律师事务所的老板希德尔斯基曾告诉曼德拉:“如果你要做一名成功的律师,就不要卷到政治活动里面去。因为从事政治活动,必然会得罪当局,从而丢掉客户,造成破产,进而导致家庭破裂,自己甚至都会丢掉性命。”
但是,这些忠告对曼德拉没起什么作用。曼德拉回忆说:“我认真地思量了他说的话,认为有一定的道理。但在当时,我已经开始倾向于政治了。我不知道我为什么会倾向于政治,也不知道自己倾向的政治到底是什么。我徘徊在政治与非政治的边缘,有些迷茫。”

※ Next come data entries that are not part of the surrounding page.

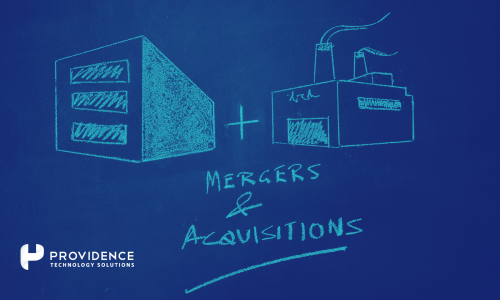 Illustration of a server and factory representing a merger, with text reading 'Mergers & Acquisitions,' branded with Providence Technology Solutions. This image symbolizes the integration of technology and operations during business mergers and acquisitions, emphasizing service and product alignment for successful transitions.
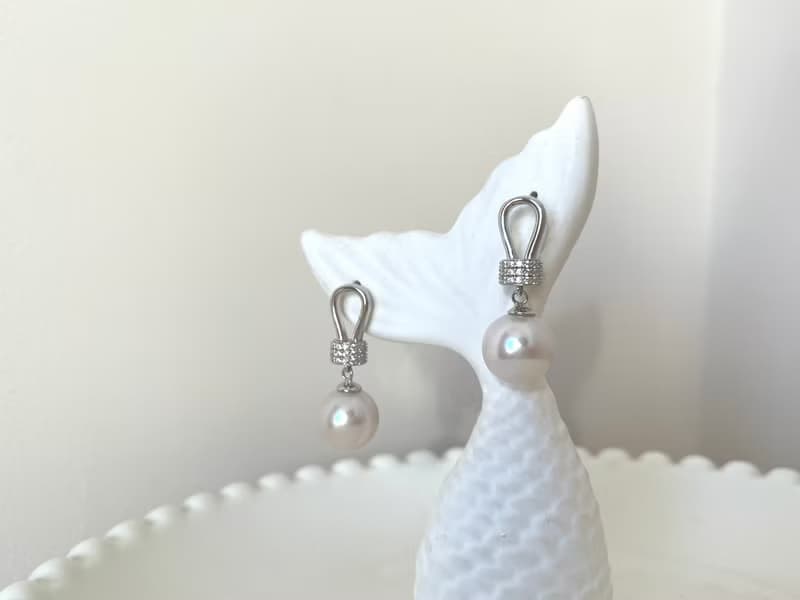 半蝴蝶結 天然淡水珍珠 純銀耳環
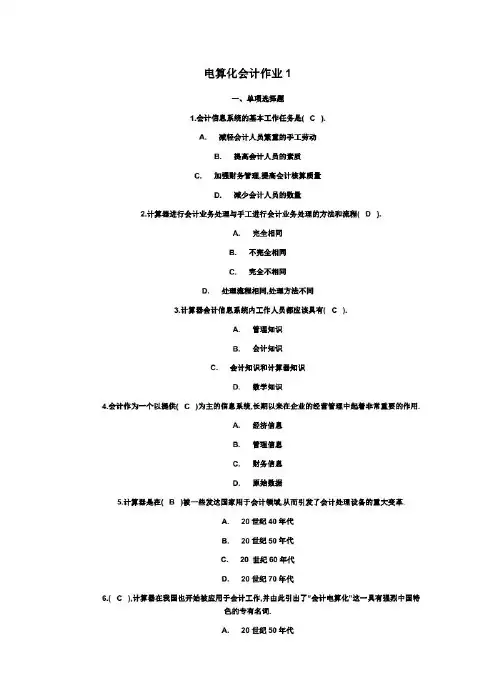 电算化会计作业(27页)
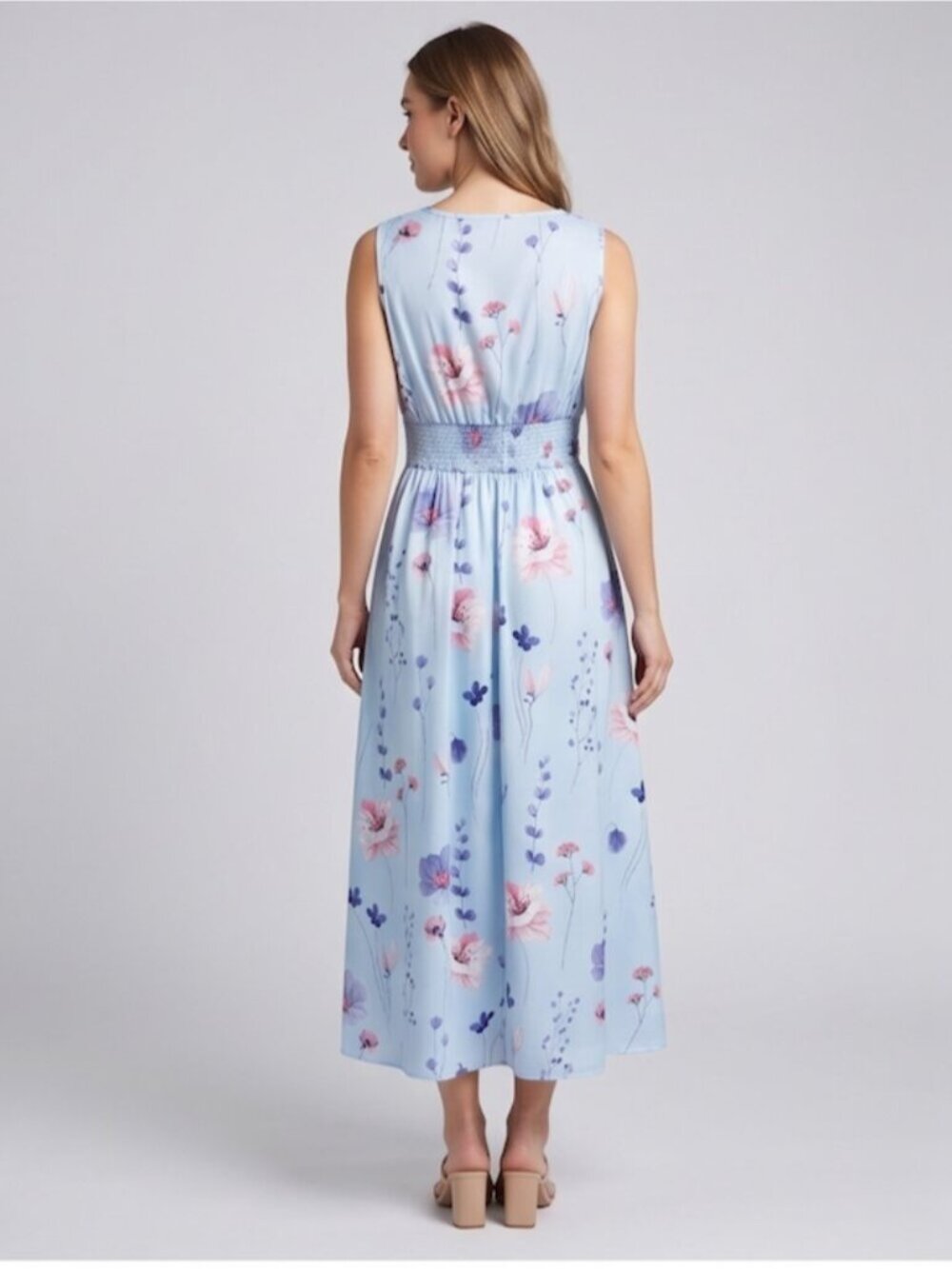 LAST ONE 🔥 Light Blue Floral V-Neck Cinch-Waist Midi Dress - Picture 4 of 6
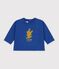 Lang&auml;rmeliges Baby T-Shirt aus einfarbiger Baumwolle mit Motiv blau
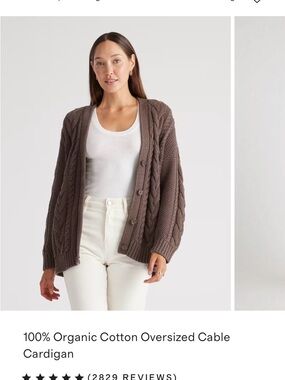 Quince Oversized Cable Knit Cardigan in Brown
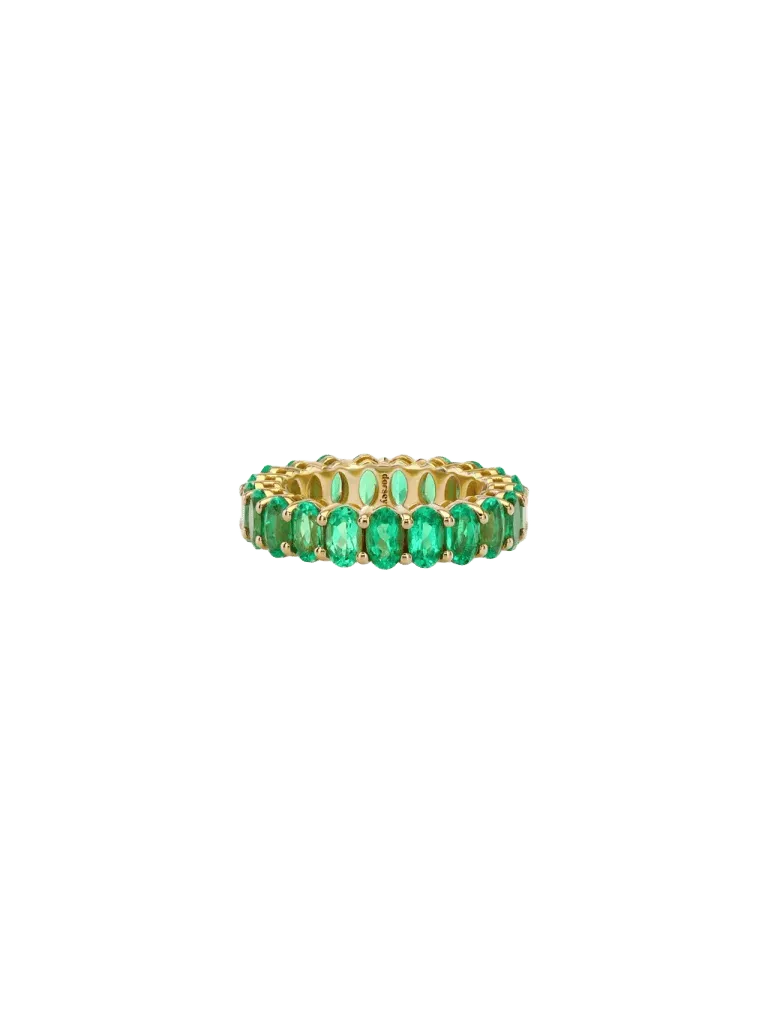 14K OVAL-CUT ETERNITY BAND IN LAB EMERALD, 14K YELLOW GOLD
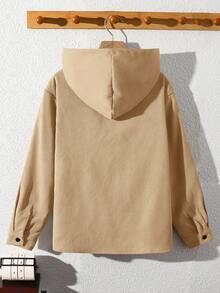 SHEIN Hoodie Kasual Longgar Berbahan Korduroi dengan Aplikasi untuk Anak Laki-laki, Cocok untuk Musim Gugur dan Musim Dingin - Aprikot - View 2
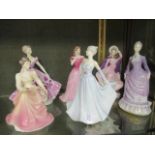 Six coalport figures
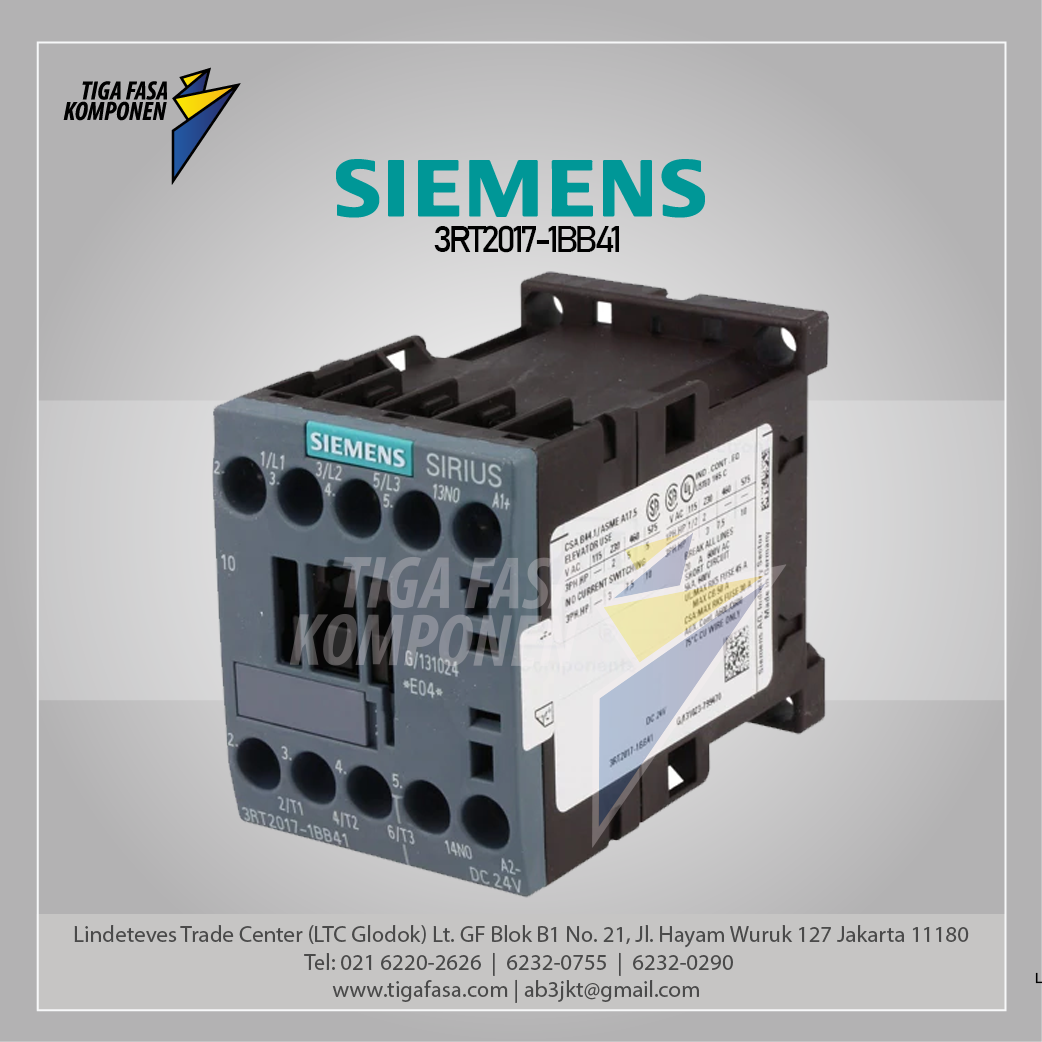 3RT2017-1BB41 MC 12 A 5.5 kW / 400 V 3P 24 V DC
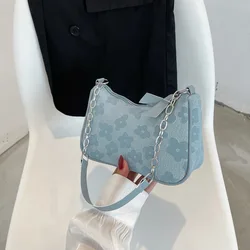 Bolsas de ombro para mulheres, padrão floral, alça, bolsa axilas, embreagem, luxo, pano Oxford, monocromático, bolsas de corrente femininas, moda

此后,曼德拉会时不时地跟着高尔参加一些交流会,为争取黑人的权益而斗争。他印象最深的一次,是参与1943年亚历山大贫民区万人大游行,抗议当地公共汽车涨价。
在南非,由于种族隔离政策的限制,工资最低的黑人只能住到离工作场地最远的郊区。在1943年8月以前,单程车费一直是4便士。后来,汽车公司以战时物价上涨为由,将车费提高到了5便士。这对贫困潦倒的黑人来说无疑是雪上加霜,于是他们联合起来,反抗公共汽车涨价。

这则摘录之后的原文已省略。